(Short descriptive text snippets)
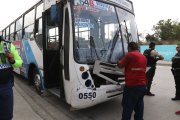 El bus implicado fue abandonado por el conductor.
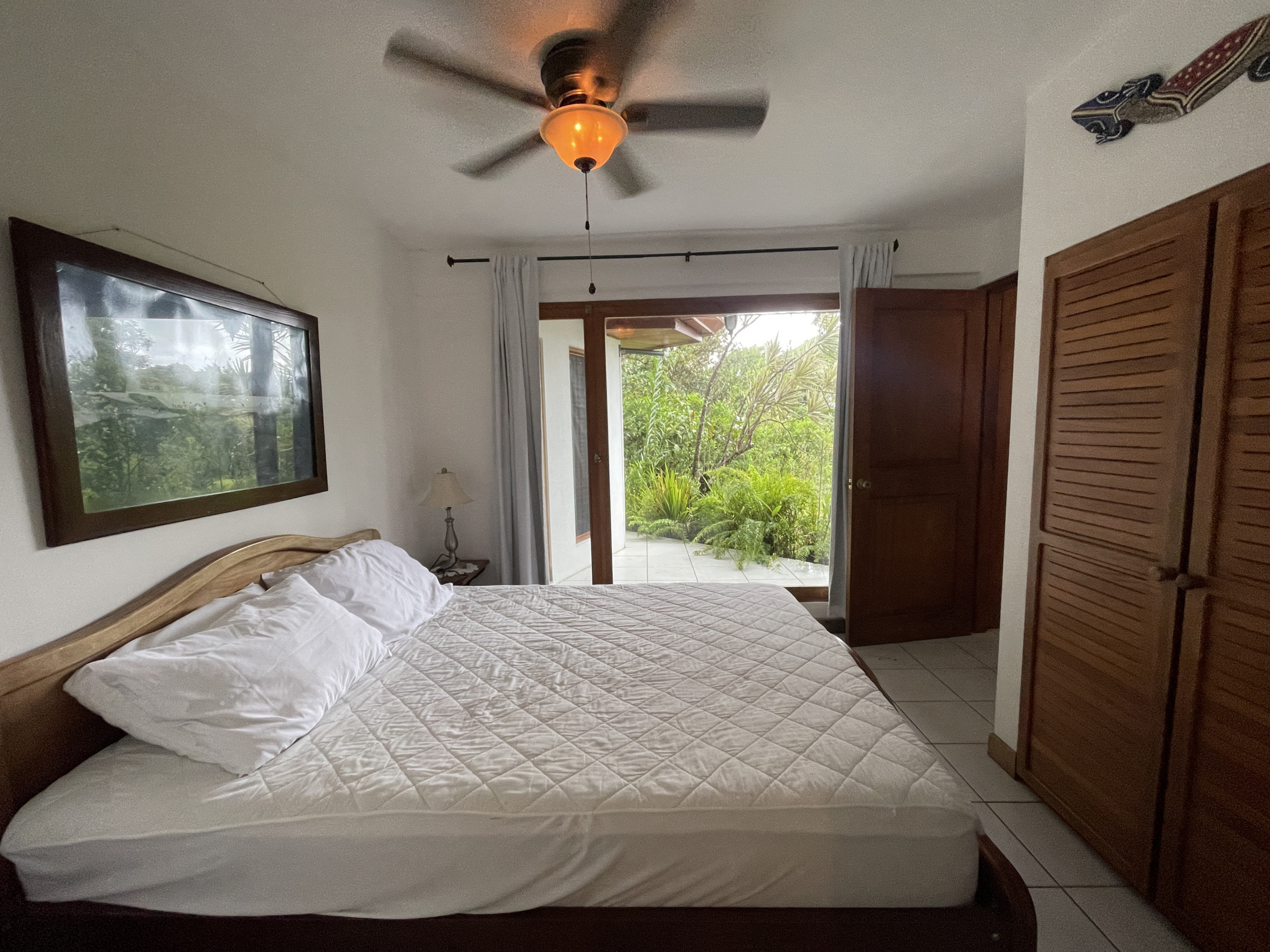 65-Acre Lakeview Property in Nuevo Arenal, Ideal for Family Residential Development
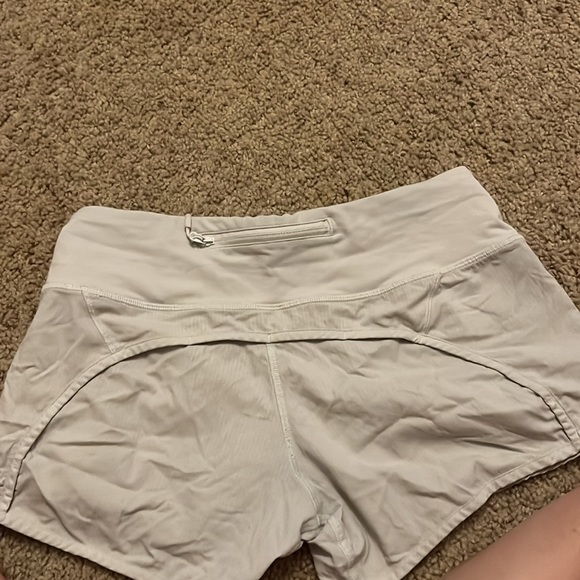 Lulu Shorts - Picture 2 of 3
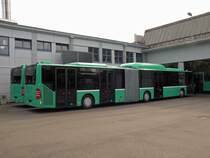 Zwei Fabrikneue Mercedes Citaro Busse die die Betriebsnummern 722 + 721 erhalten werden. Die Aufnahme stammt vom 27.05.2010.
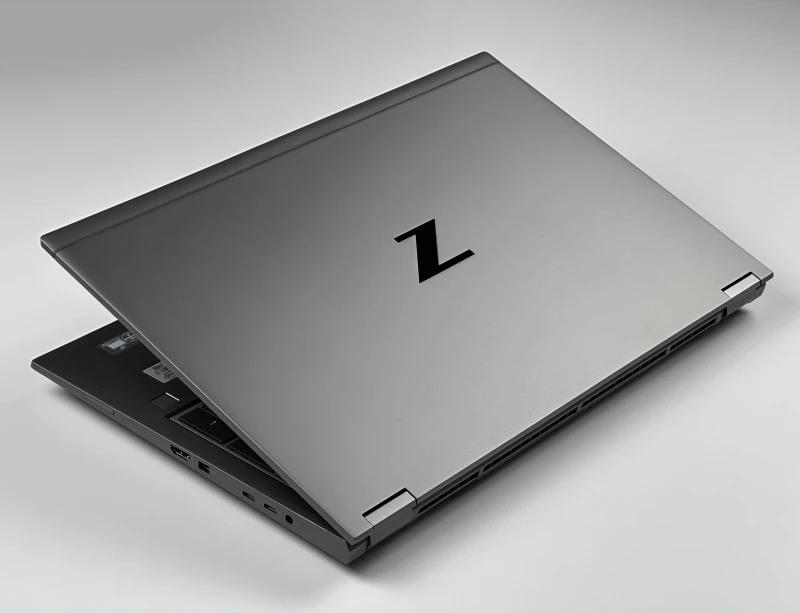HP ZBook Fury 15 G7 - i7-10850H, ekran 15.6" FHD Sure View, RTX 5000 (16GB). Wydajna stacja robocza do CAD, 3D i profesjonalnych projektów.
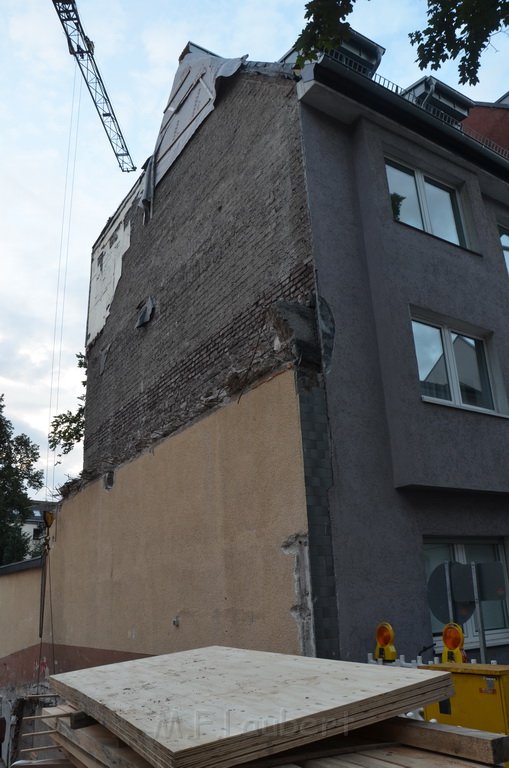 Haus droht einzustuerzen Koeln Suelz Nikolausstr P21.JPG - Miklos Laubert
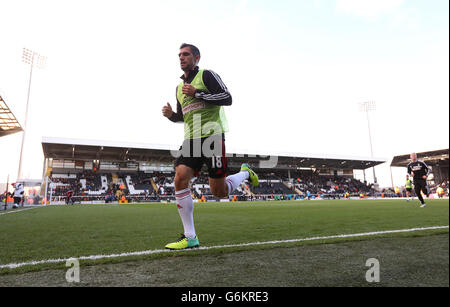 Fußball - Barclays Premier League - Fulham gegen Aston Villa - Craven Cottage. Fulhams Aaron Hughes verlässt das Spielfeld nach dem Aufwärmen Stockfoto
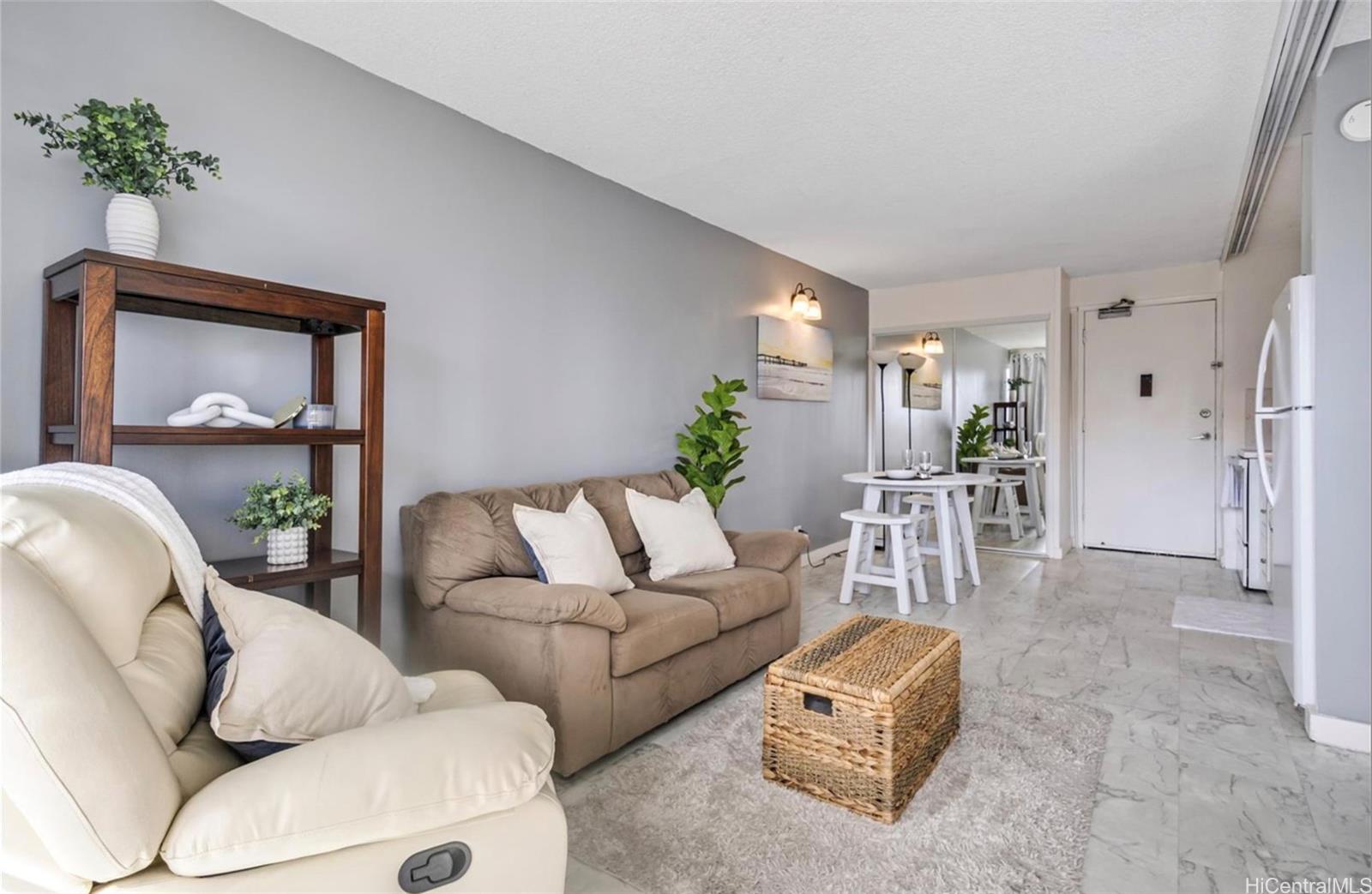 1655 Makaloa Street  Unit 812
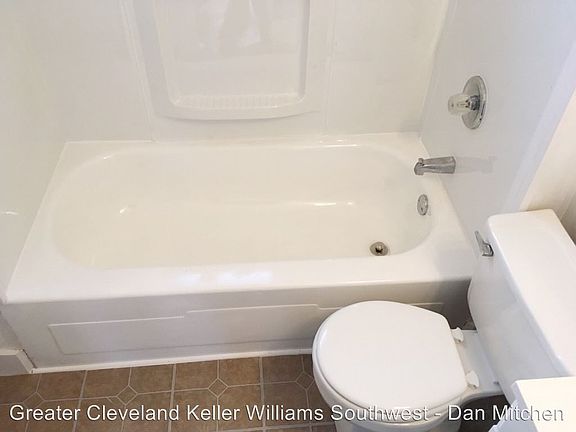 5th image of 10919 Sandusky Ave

### Problem statement
Type out all of the records exactly, leaving out any picture.

### Answer space
 El bus implicado fue abandonado por el conductor.
 65-Acre Lakeview Property in Nuevo Arenal, Ideal for Family Residential Development
 Lulu Shorts - Picture 2 of 3
 Zwei Fabrikneue Mercedes Citaro Busse die die Betriebsnummern 722 + 721 erhalten werden. Die Aufnahme stammt vom 27.05.2010.
HP ZBook Fury 15 G7 - i7-10850H, ekran 15.6" FHD Sure View, RTX 5000 (16GB). Wydajna stacja robocza do CAD, 3D i profesjonalnych projektów.
 Haus droht einzustuerzen Koeln Suelz Nikolausstr P21.JPG - Miklos Laubert
 Fußball - Barclays Premier League - Fulham gegen Aston Villa - Craven Cottage. Fulhams Aaron Hughes verlässt das Spielfeld nach dem Aufwärmen Stockfoto
 1655 Makaloa Street  Unit 812
 5th image of 10919 Sandusky Ave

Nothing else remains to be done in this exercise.